(Captioned web images):
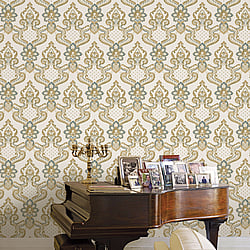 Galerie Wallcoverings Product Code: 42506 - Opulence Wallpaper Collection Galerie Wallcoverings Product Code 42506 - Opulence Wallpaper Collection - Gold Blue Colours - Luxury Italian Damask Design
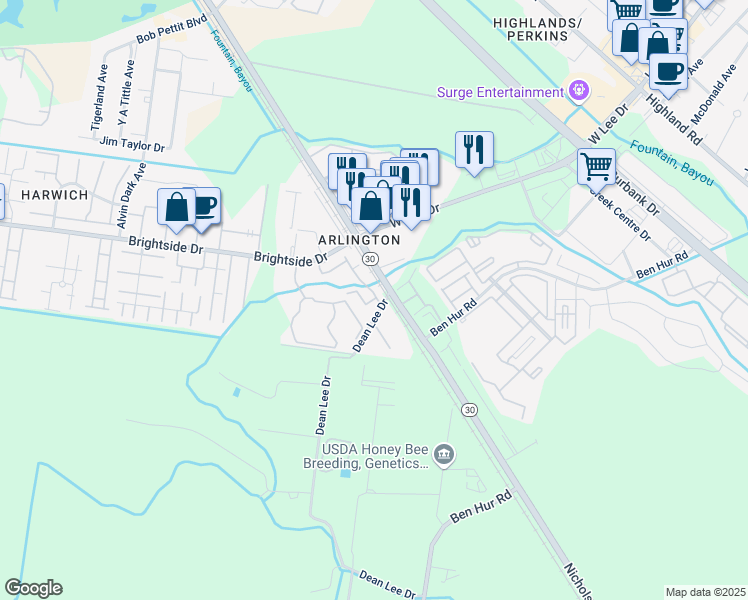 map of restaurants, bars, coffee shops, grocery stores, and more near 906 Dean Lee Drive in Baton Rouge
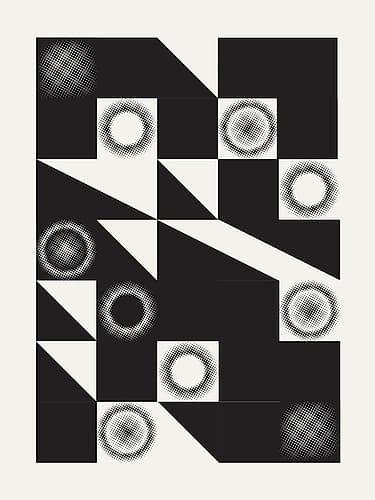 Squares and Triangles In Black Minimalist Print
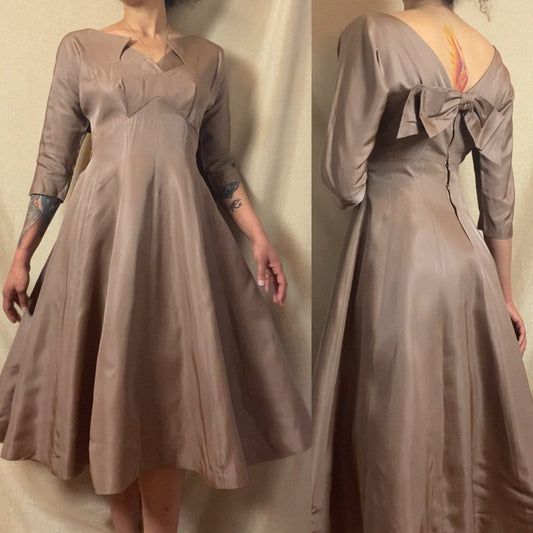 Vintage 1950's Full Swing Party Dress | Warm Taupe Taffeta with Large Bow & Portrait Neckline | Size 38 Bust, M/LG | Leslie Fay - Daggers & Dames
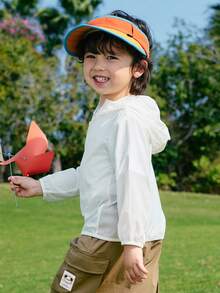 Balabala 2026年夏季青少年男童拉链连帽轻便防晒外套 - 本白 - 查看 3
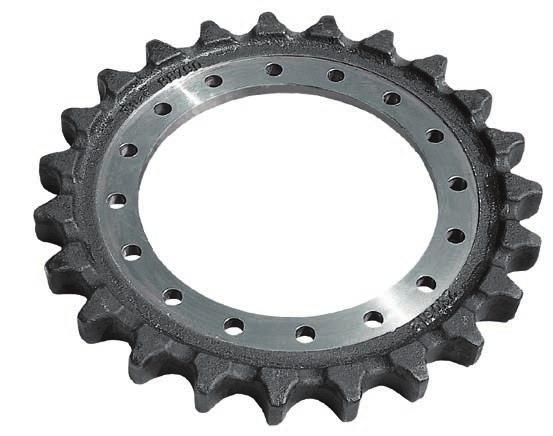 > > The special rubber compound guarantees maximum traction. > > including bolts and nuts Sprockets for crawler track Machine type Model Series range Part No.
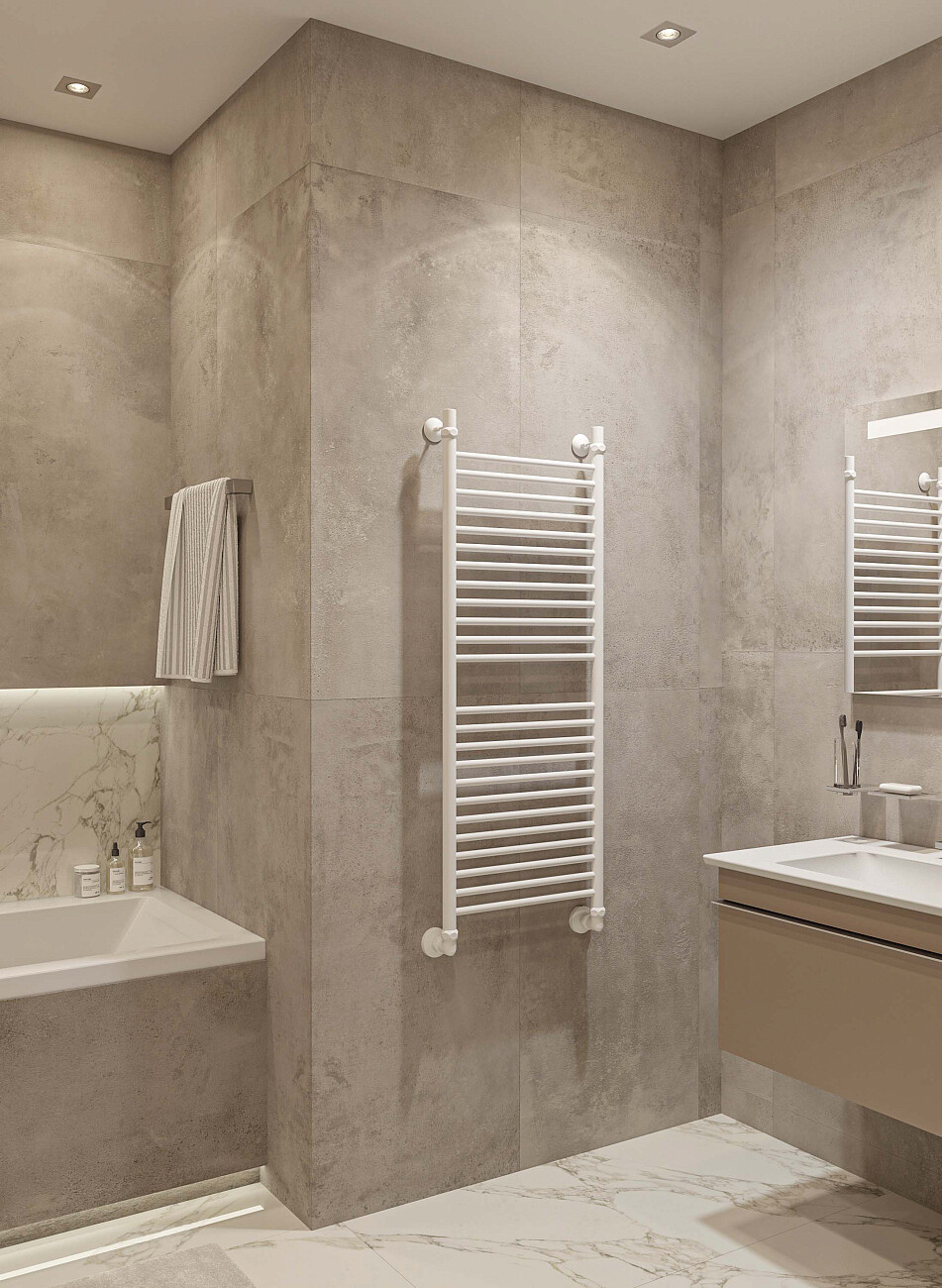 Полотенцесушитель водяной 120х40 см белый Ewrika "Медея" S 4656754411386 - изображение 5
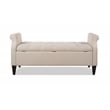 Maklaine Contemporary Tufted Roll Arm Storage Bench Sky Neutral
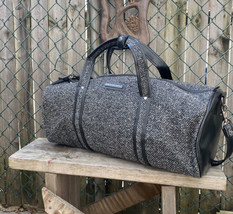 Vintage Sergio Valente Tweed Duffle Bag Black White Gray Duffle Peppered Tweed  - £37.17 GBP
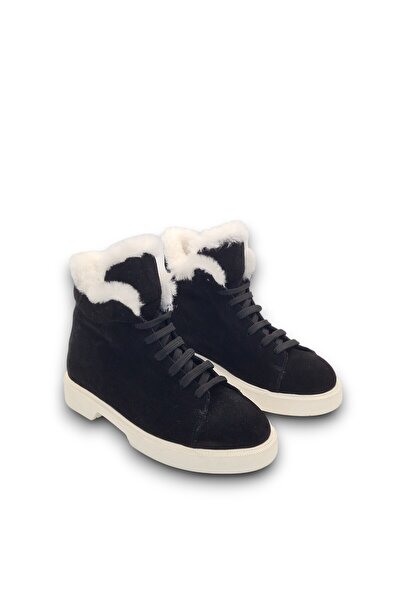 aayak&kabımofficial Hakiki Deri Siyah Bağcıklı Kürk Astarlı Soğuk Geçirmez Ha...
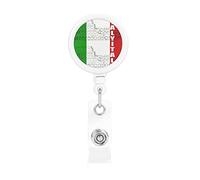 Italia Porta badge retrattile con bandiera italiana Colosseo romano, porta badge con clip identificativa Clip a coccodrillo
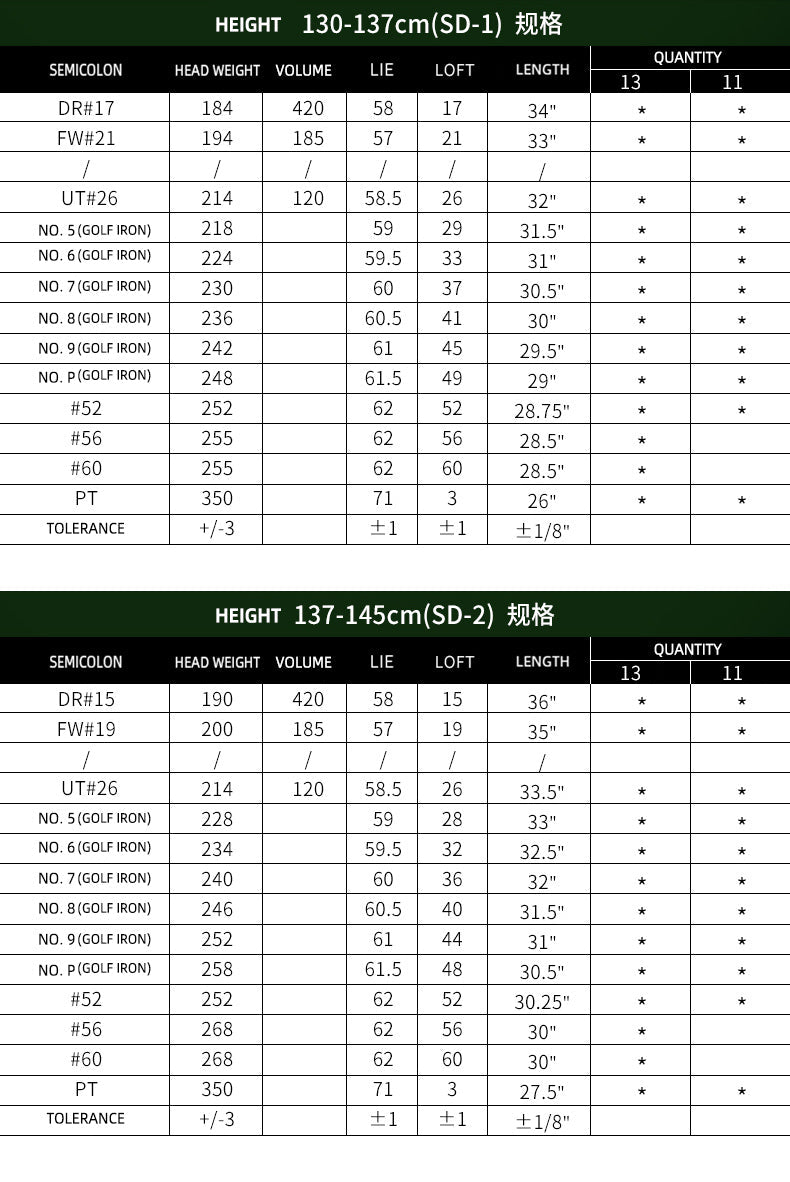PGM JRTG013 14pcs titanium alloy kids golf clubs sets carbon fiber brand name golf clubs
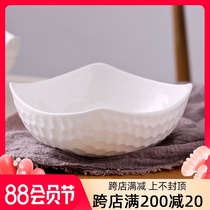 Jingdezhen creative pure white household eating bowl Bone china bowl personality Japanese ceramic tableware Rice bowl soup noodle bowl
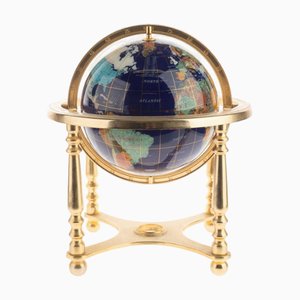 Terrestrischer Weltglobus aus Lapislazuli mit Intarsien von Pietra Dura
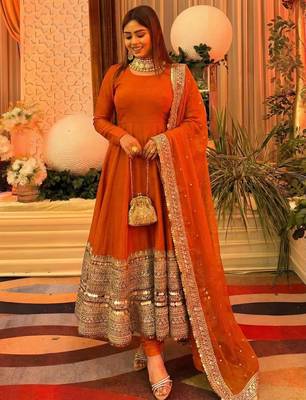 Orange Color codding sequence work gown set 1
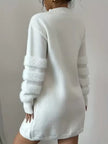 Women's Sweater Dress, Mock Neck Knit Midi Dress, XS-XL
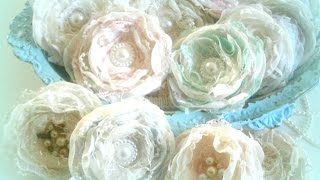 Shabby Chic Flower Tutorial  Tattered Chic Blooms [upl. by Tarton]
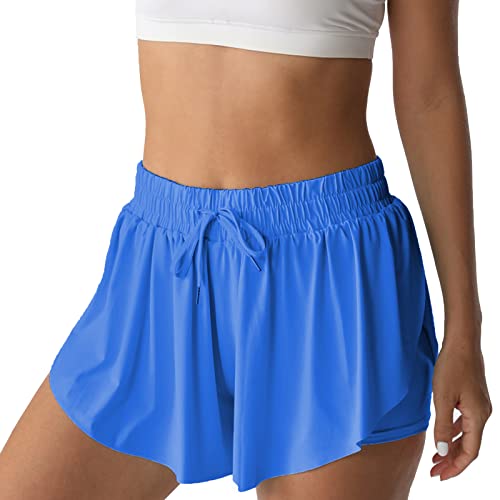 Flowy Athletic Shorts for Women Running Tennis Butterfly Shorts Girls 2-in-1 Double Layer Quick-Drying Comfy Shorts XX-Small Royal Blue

(Work order):
All pictures are to be skipped; the lines from the first line of the records through the line containing "range Part No." are to be repeated exactly, both ends included.

(Answer space):
 Galerie Wallcoverings Product Code: 42506 - Opulence Wallpaper Collection Galerie Wallcoverings Product Code 42506 - Opulence Wallpaper Collection - Gold Blue Colours - Luxury Italian Damask Design
 map of restaurants, bars, coffee shops, grocery stores, and more near 906 Dean Lee Drive in Baton Rouge
 Squares and Triangles In Black Minimalist Print
 Vintage 1950's Full Swing Party Dress | Warm Taupe Taffeta with Large Bow & Portrait Neckline | Size 38 Bust, M/LG | Leslie Fay - Daggers & Dames
 Balabala 2026年夏季青少年男童拉链连帽轻便防晒外套 - 本白 - 查看 3
 > > The special rubber compound guarantees maximum traction. > > including bolts and nuts Sprockets for crawler track Machine type Model Series range Part No.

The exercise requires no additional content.